Collection entries
* * * *

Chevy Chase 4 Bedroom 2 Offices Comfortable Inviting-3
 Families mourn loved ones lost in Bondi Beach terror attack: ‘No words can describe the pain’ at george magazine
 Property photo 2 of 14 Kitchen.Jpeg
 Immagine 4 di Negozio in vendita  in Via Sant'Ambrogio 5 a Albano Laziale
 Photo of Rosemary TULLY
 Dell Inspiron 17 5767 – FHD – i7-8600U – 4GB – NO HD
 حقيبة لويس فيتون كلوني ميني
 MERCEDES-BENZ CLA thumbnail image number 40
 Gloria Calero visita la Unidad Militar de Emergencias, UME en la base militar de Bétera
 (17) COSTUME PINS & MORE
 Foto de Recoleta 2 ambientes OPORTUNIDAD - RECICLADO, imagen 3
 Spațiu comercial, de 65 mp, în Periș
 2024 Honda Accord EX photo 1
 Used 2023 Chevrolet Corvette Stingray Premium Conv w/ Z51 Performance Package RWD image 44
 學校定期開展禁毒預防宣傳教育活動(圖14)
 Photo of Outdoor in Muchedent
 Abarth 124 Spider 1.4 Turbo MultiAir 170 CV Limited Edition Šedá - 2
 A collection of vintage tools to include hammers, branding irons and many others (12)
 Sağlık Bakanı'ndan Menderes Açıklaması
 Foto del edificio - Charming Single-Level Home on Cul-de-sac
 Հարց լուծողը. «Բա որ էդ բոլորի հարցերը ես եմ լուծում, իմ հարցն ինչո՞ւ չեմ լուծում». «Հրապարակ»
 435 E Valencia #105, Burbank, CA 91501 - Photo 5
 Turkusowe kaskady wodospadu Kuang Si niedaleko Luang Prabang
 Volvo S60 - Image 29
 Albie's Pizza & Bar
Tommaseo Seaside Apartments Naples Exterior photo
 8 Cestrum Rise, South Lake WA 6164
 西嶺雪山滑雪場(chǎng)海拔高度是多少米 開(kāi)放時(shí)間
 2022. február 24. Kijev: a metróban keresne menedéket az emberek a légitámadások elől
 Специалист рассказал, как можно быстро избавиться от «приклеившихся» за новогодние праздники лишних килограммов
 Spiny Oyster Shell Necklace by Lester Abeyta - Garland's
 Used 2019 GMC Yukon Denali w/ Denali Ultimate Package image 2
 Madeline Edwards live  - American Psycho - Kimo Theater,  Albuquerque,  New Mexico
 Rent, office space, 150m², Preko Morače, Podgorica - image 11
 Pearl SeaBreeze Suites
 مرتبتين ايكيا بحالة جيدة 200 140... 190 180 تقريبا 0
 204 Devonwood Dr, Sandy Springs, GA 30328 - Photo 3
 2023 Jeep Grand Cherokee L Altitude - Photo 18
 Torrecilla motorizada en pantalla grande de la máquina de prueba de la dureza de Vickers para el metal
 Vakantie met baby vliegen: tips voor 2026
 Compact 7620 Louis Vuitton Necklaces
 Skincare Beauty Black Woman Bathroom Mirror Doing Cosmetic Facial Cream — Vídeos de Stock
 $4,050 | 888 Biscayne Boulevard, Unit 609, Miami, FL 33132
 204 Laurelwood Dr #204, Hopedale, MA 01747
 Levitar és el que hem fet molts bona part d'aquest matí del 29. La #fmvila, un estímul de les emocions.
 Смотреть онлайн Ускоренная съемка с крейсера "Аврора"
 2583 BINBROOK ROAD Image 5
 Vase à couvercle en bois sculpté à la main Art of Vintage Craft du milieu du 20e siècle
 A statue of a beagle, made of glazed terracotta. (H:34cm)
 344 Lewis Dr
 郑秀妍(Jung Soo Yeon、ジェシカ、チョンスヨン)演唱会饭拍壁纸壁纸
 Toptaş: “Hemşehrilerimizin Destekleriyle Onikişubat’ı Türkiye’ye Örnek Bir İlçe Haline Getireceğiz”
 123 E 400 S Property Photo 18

* * * *

- What this task involves -
Lines containing the word "Property" are to be located in the entries and copied.

- Exercise result -
 Property photo 2 of 14 Kitchen.Jpeg
 123 E 400 S Property Photo 18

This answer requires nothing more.